> _RECORDS TO PROCESS_:
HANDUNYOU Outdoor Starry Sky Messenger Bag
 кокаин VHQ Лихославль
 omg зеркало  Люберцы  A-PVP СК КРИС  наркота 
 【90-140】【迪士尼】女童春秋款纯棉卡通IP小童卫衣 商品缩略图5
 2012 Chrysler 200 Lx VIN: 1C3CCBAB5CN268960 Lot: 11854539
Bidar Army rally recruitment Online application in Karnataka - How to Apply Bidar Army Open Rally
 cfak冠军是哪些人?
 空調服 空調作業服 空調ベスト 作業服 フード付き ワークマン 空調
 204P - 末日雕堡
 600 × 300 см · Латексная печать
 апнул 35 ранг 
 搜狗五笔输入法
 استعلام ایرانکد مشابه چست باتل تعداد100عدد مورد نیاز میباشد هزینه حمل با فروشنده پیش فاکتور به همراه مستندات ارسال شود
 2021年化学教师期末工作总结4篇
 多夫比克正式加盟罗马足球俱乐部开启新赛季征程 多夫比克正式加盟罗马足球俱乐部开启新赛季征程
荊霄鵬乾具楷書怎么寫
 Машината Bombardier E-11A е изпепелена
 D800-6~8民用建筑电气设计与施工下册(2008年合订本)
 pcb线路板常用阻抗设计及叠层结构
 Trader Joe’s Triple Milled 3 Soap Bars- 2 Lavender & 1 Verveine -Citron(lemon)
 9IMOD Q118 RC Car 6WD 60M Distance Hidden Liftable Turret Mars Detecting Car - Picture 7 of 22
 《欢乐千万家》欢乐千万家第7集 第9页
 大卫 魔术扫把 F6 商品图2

> _WORK ITEM_: The answer is every entry, copied word for word.

> _COMPLETED EXERCISE_:
HANDUNYOU Outdoor Starry Sky Messenger Bag
 кокаин VHQ Лихославль
 omg зеркало  Люберцы  A-PVP СК КРИС  наркота 
 【90-140】【迪士尼】女童春秋款纯棉卡通IP小童卫衣 商品缩略图5
 2012 Chrysler 200 Lx VIN: 1C3CCBAB5CN268960 Lot: 11854539
Bidar Army rally recruitment Online application in Karnataka - How to Apply Bidar Army Open Rally
 cfak冠军是哪些人?
 空調服 空調作業服 空調ベスト 作業服 フード付き ワークマン 空調
 204P - 末日雕堡
 600 × 300 см · Латексная печать
 апнул 35 ранг 
 搜狗五笔输入法
 استعلام ایرانکد مشابه چست باتل تعداد100عدد مورد نیاز میباشد هزینه حمل با فروشنده پیش فاکتور به همراه مستندات ارسال شود
 2021年化学教师期末工作总结4篇
 多夫比克正式加盟罗马足球俱乐部开启新赛季征程 多夫比克正式加盟罗马足球俱乐部开启新赛季征程
荊霄鵬乾具楷書怎么寫
 Машината Bombardier E-11A е изпепелена
 D800-6~8民用建筑电气设计与施工下册(2008年合订本)
 pcb线路板常用阻抗设计及叠层结构
 Trader Joe’s Triple Milled 3 Soap Bars- 2 Lavender & 1 Verveine -Citron(lemon)
 9IMOD Q118 RC Car 6WD 60M Distance Hidden Liftable Turret Mars Detecting Car - Picture 7 of 22
 《欢乐千万家》欢乐千万家第7集 第9页
 大卫 魔术扫把 F6 商品图2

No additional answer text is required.